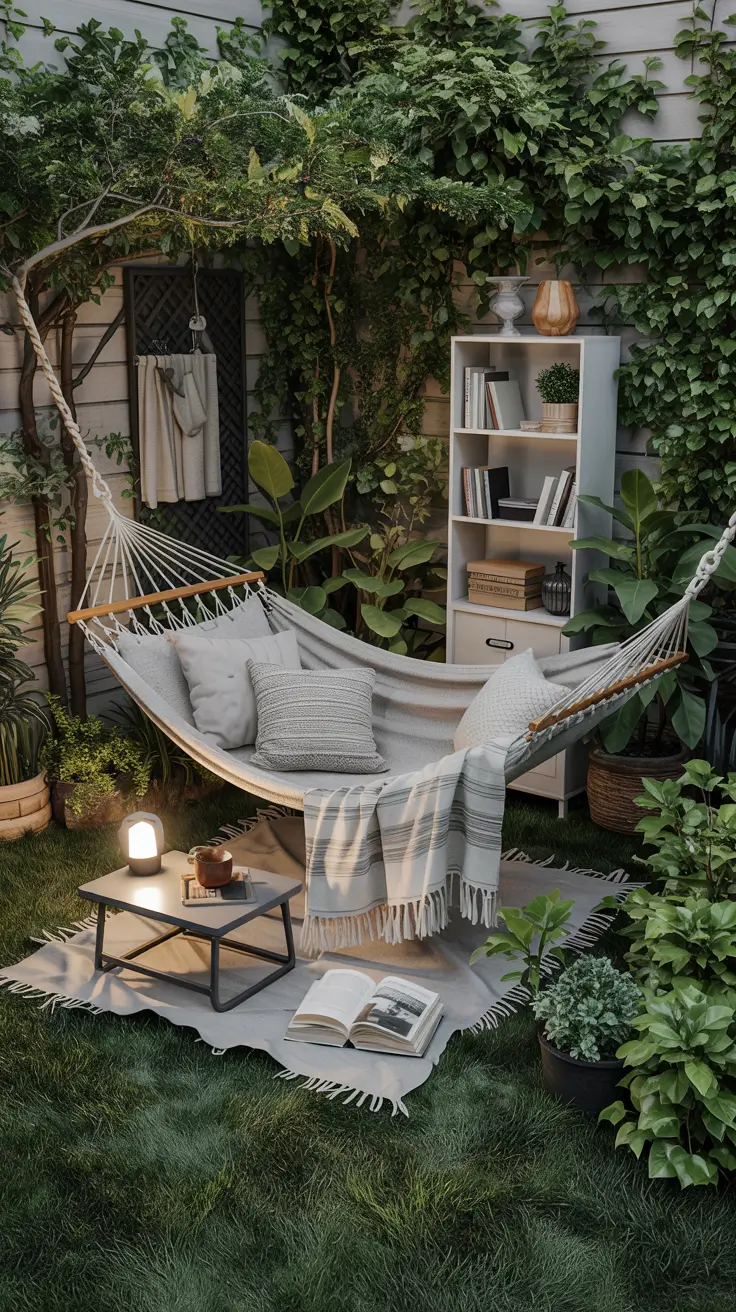 35 Hammock Garden Ideas 2026 - Outdoor Backyard Design, Aesthetic & Landscape Inspiration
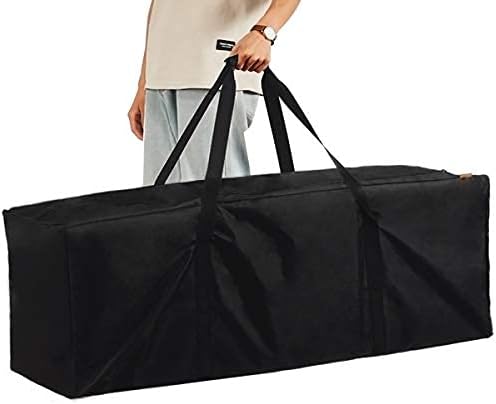 INFANZIA 47inch Sports Duffel Travel Bag, 196L Extra Large Duffel Luggage Bag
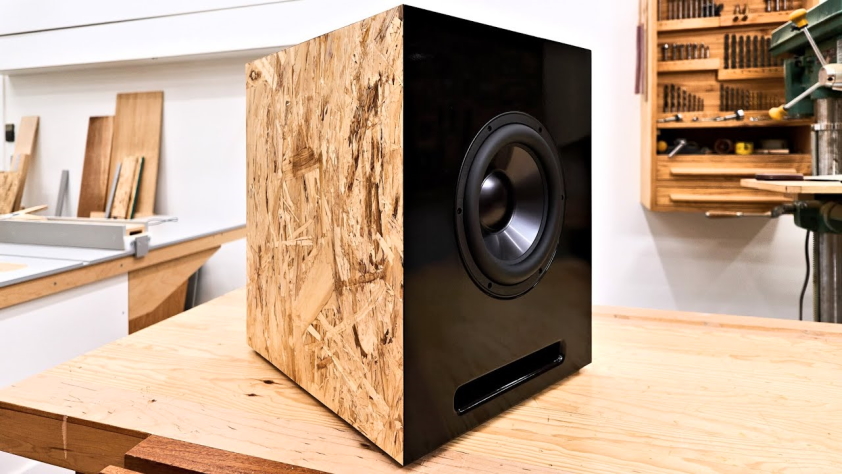 speaker cabinet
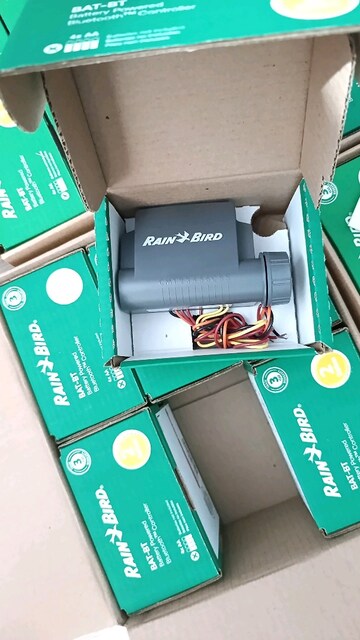 rain bird Bluetooth 2 istasyon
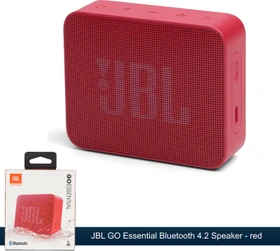 JBL GO Essential rot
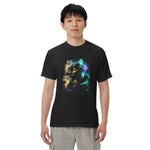 Lunari 1 - T-Shirt - Unisex - 100% Baumwolle - Feohwynn Onlineshop - 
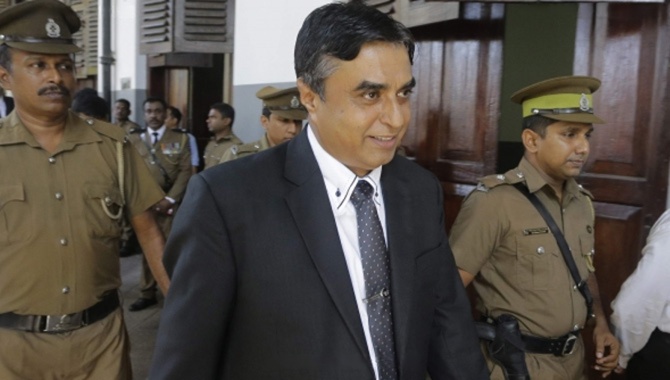 හිටපු පොලිස්පති පූජිත් ජයසුන්දර නිදහස් හිටපු පොලිස්පති පූජිත් ජයසුන්දර නිදහස්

============

_What to do_
What you write must match, line for line, the lines from the one with "INFANZIA 47inch Sports" through the last line of the data above, minus the pictures.

_Final answer_
 INFANZIA 47inch Sports Duffel Travel Bag, 196L Extra Large Duffel Luggage Bag
 speaker cabinet
 rain bird Bluetooth 2 istasyon
 JBL GO Essential rot
 Lunari 1 - T-Shirt - Unisex - 100% Baumwolle - Feohwynn Onlineshop - 
 හිටපු පොලිස්පති පූජිත් ජයසුන්දර නිදහස් හිටපු පොලිස්පති පූජිත් ජයසුන්දර නිදහස්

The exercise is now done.